Trump has said EV manufacturing will destroy jobs in the auto industry. In recent months, however, he has softened his rhetoric, saying he’s for “a very small slice” of cars being electric.

The change comes after Tesla CEO Elon Musk “endorsed me very strongly,” Trump said at an August rally in Atlanta. Even so, industry officials expect Trump to roll back Biden’s EV push and attempt to repeal tax incentives that Trump claims benefit China.

Harris has not announced an EV plan but has strongly supported EVs as vice president. At a 2022 event in Seattle, she celebrated roughly $1 billion in federal grants to purchase about 2,500 “clean” school buses. As many as 25 million children ride the familiar yellow buses each school day, and they will have a healthier future with a cleaner fleet, Harris said.

The grants and other federal climate programs not only are aimed at “saving our children, but for them, saving our planet,″ she said.

Climate law, jobs Harris has focused on implementing the $1 trillion bipartisan infrastructure law passed in 2021, as well as climate provisions of the Inflation Reduction Act, which provided nearly $375 billion in financial incentives for electric cars, clean energy projects and manufacturing.

Under Biden and Harris, American manufacturers created more than 250,000 energy jobs last year, the Energy Department said, with clean energy accounting for more than half of those jobs.

Trump and his running mate, Ohio Sen.
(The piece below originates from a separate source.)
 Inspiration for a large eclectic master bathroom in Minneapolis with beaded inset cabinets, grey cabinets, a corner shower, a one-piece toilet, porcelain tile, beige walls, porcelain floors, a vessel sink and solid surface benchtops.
JD Vance, deride climate spending as a "money grab'' for environmental groups and say it will ship Americans' jobs to China and other countries while increasing energy prices at home.

“Kamala Harris cares more about climate change than about inflation,” Vance wrote in an op-ed in The Wall Street Journal.

Goodbye Paris? Trump, who has cast climate change as a “hoax," withdrew the US from the 2015 Paris Climate Agreement. He has vowed to do so again, calling the global plan to reduce carbon emissions unenforceable and a gift to China and other big polluters. Trump vows to end wind subsidies included in the climate law and eliminate regulations imposed and proposed by the Biden administration to increase the energy efficiency of lightbulbs, stoves, dishwashers and shower heads.

Harris has called the Paris Agreement crucial to address climate change and protect “our children’s future.″

The US returned to the Paris Agreement soon after Biden took office in 2021.

LNG pause After approving numerous projects to export liquefied natural gas, or LNG, the Biden administration in January paused consideration of new natural gas export terminals. The delay allows officials to review the economic and climate impacts of natural gas, a fossil fuel that emits methane, a potent greenhouse gas.

The decision aligned the Democratic president with environmentalists who fear the recent increase in LNG exports is locking in potentially catastrophic planet-warming emissions even as Biden has pledged to cut climate pollution in half by 2030.

Trump has said he would approve terminals “on my very first day back” in office.

Harris has not outlined plans for LNG exports, but analysts expect her to impose tough climate standards on export projects as part of her larger stance against large oil and gas companies.